Scraped caption text data
[Start of section]

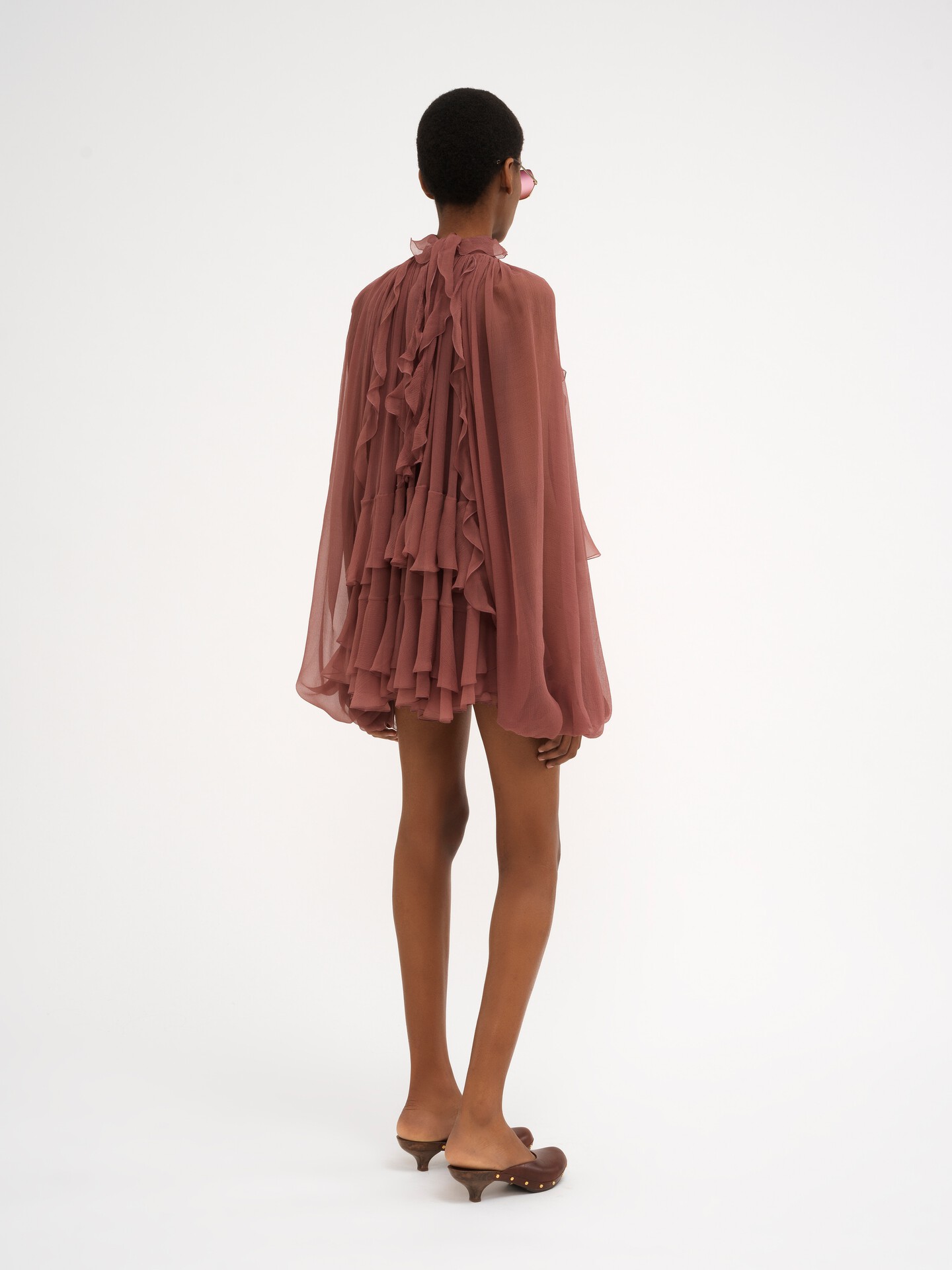 Robe cape courte volant&eacute;e en mousseline de soie - 4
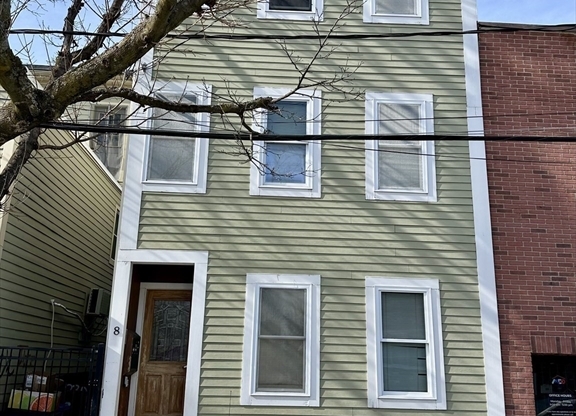 8 BREMEN ST
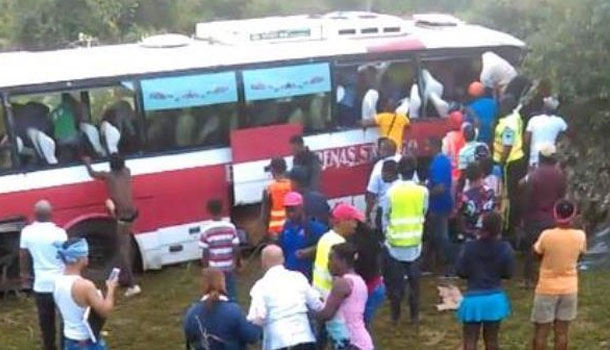 Un Muerto Y Varios Heridos Tras La Imprudencia De Un Motociclista Que Provocó Accidente De Un Autobús En Monte Cristi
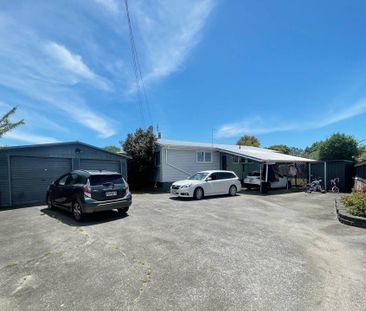 Large fully fenced family home - Photo 4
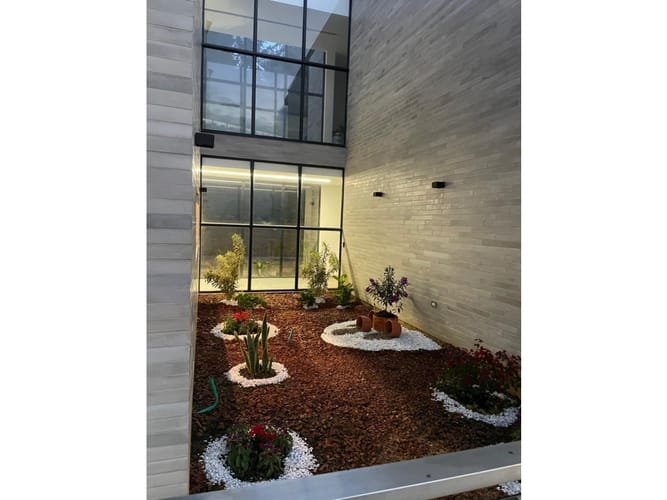 Casa de 7 alcobas en venta en El Poblado, Medellín, 740 m² · foto 18 de 24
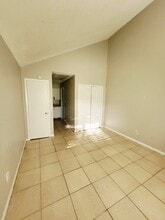 8230 San Jose Manor Dr E, Unit 4 in Jacksonville, FL - Building Photo - Building Photo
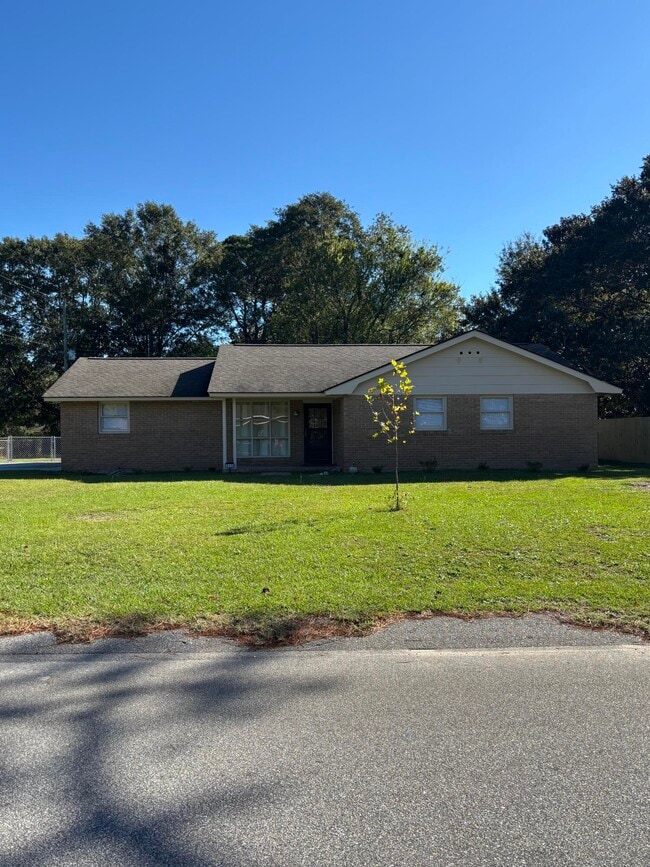 Photo - 855 Whatley St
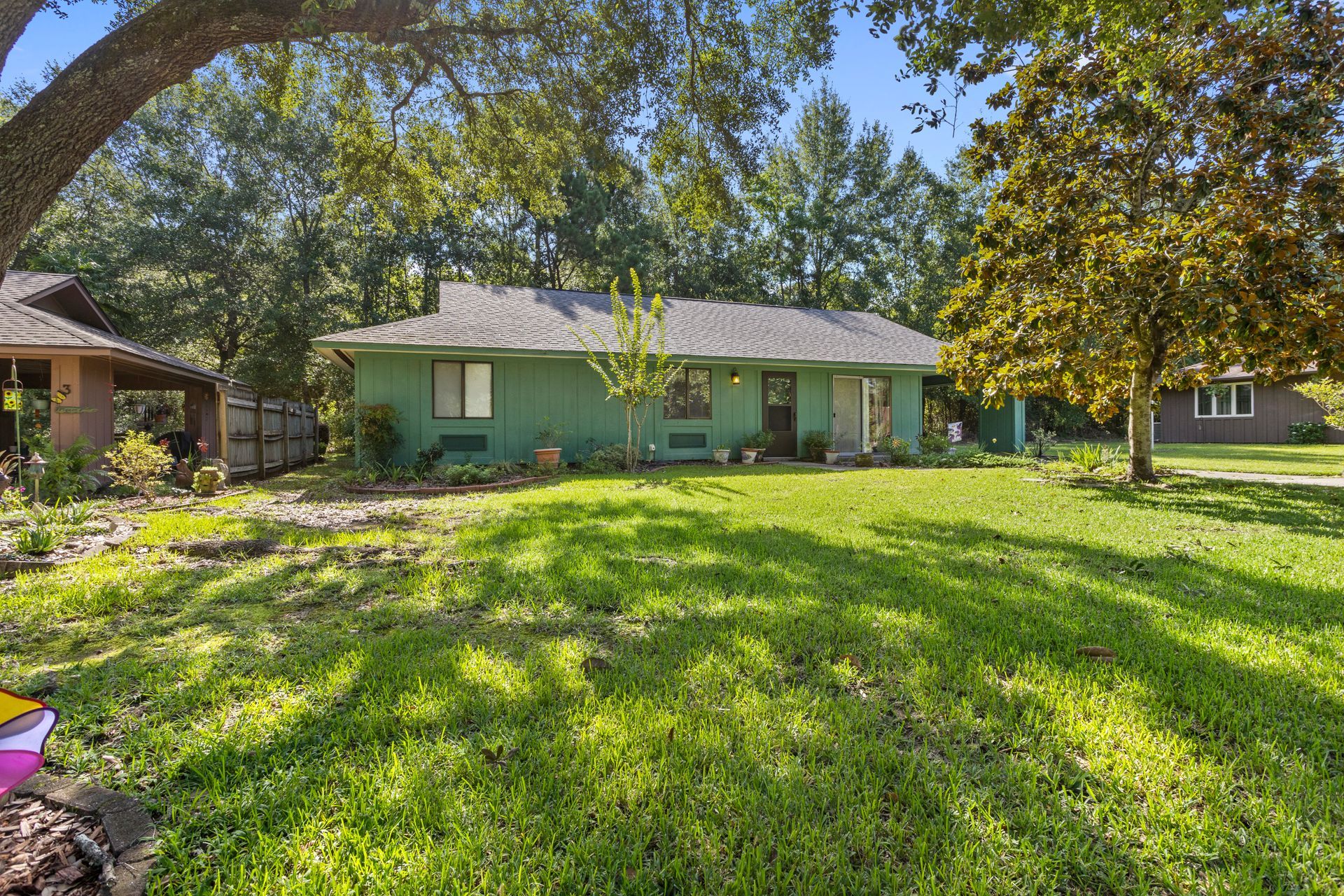 A dining room with a round table and chairs.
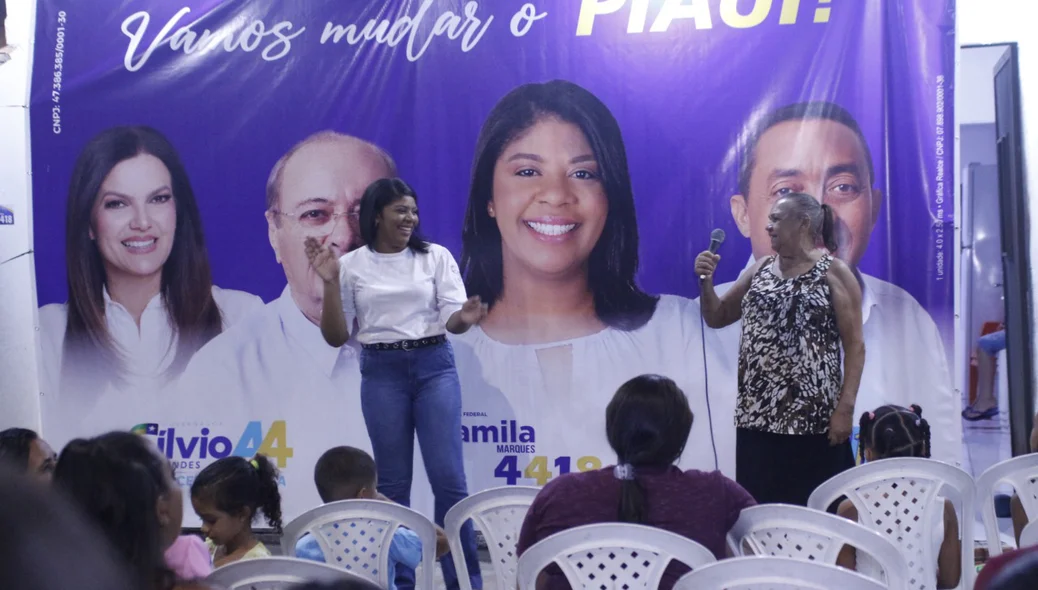 Camila Marques durante reunião no Promorar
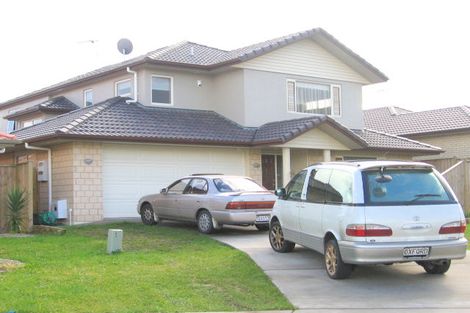 Photo of property in 19 Speyside Crescent, Flat Bush, Auckland, 2016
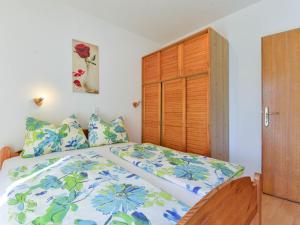 Postel nebo postele na pokoji v ubytování Apartment Jadran-4 by Interhome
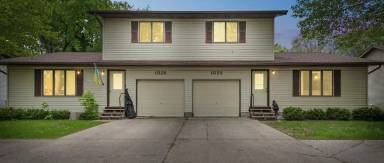 Main picture of 1028 S Lincoln Rd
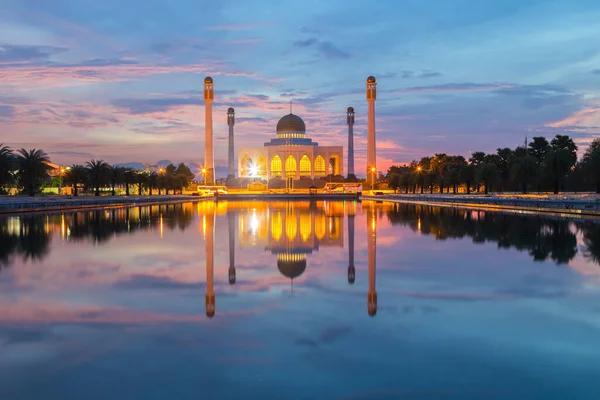 Central Camii, Songkhla Bölgesi, Tayland 'ın güneyindeki güzel günbatımı manzarası.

[End of section]

▶ _TRY IT_
Would you copy the lines above exactly, starting with the one that has "8 BREMEN ST" and ending with the one that has "A dining room with a round table and chairs.", both included, without the pictures?

▶ _SOLVED EXERCISE_
 8 BREMEN ST
 Un Muerto Y Varios Heridos Tras La Imprudencia De Un Motociclista Que Provocó Accidente De Un Autobús En Monte Cristi
 Large fully fenced family home - Photo 4
 Casa de 7 alcobas en venta en El Poblado, Medellín, 740 m² · foto 18 de 24
 8230 San Jose Manor Dr E, Unit 4 in Jacksonville, FL - Building Photo - Building Photo
 Photo - 855 Whatley St
 A dining room with a round table and chairs.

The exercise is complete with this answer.